This system that we will be running simulations for in this tutorial is a 3x3 array of 3HB monomers:
![image.png](attachment:image.png)
 <br />
 However, it is necessary to solvate these monomers in water:
 ![image-2.png](attachment:image-2.png)
  <br />
 The cubic box is simply the array of monomers solvated in water.

In [5]:
# Load Amber files - if you cloned the github repository these files should load with no errors and are found 
#   in the same place as this notebook
prmtop = app.AmberPrmtopFile('pdb_files/systems/3HB_monomer_2_2_array/3HB_monomer_2_2_array.prmtop') # Topology file
inpcrd = app.AmberInpcrdFile('pdb_files/systems/3HB_monomer_2_2_array//3HB_monomer_2_2_array.rst7') # Coordinate file

Now we can create a system and intergrator object: <br />
- System
    - nonbondedMethod: This is the method for handling nonbonded interactions, here the Particle Mesh Ewald method is chosen (PME) and is a common method for describing long-range electrostatic interactions in MD simulations.
    - nonbondedCutoff: This is a cutoff distance for nonbonded interactions. i.e. If atoms are further than this distance apart (1nm) they will not interact with eachother.
    - constraints: This is where constraints are added to the system, this constraint (HBonds) makes sure no any bonds involving hydrogen are kept fixed, preventing flucutaution of these bonds during simulations.
- Integrator (temp, collision rate, integration time step)
    - Temperature: We can set the temperature in units of Kelvin.
    - Collision rate: The freqeuncy of which random collision forces are applied to particles in the system.
    - Time step: This is the integration time step and is the length of time between integration steps.

In [6]:
# Create system and integrator
system = prmtop.createSystem(nonbondedMethod=app.PME, nonbondedCutoff=1.0*unit.nanometers, constraints=app.HBonds)
integrator = mm.LangevinIntegrator(300*unit.kelvin, 1.0/unit.picoseconds, 2.0*unit.femtoseconds)

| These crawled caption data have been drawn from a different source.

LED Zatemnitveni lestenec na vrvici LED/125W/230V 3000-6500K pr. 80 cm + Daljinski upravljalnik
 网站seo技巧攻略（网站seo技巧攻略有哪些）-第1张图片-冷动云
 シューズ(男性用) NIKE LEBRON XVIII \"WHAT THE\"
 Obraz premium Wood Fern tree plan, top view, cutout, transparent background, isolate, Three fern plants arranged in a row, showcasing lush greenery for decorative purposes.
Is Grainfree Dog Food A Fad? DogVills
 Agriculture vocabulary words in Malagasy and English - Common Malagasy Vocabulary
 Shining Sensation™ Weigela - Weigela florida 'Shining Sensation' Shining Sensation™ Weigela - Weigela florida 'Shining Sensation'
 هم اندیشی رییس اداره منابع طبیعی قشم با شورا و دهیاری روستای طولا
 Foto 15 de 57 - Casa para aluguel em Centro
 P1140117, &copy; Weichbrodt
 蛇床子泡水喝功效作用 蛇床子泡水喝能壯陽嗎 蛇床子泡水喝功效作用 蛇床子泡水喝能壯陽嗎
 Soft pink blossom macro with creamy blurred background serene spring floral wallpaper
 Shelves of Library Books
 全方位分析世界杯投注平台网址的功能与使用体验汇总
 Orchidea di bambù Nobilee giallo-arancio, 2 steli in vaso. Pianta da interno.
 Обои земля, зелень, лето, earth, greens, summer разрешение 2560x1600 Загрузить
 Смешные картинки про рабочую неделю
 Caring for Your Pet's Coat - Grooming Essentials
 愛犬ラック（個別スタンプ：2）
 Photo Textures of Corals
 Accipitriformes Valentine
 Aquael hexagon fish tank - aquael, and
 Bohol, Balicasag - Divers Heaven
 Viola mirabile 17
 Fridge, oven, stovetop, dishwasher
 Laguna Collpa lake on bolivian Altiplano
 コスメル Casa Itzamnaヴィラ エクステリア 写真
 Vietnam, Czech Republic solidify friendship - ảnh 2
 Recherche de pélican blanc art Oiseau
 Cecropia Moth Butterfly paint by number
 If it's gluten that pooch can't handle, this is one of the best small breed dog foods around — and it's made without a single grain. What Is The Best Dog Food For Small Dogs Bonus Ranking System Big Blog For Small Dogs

ValueError: Illegal nonbonded method for a non-periodic system

Now we have set up our system and integrator, we need to set up a simulation with the files we loaded (topology (prmtop file) and input coordinate "inpcrd" for short (rst7 file) and both the system and integrator.

In [None]:
# Create simulation
simulation = app.Simulation(prmtop.topology, system, integrator)
simulation.context.setPositions(inpcrd.positions)

The next step is to minimize the energy the enrgy of system and finds the local minimum energy of the system.

In [None]:
# Minimize energy
simulation.minimizeEnergy()

The final step beofre running the simulation is assign the correct distribution of velocities to particles in our simulation. The Maxwell-Boltzmann distribution is used here generate velocities at the specified temperature. <br />

Note: The temperature at which velocities are set should be the same as the temperature set for the integrator.

In [None]:
# Set initial velocities
simulation.context.setVelocitiesToTemperature(300*unit.kelvin)

No we can run our simulation and specify some reporters for out outputs.
- PDBReporter: This will generate a trajectory file for our simulation and we specify a (filename, intervals to record)
- StateDataReporter: This will generate a csv file containing important parameters from the simulation and we specify (filename , intervals to record, data to output)

And run the simulation by calling "simulation.step(number_of_steps)"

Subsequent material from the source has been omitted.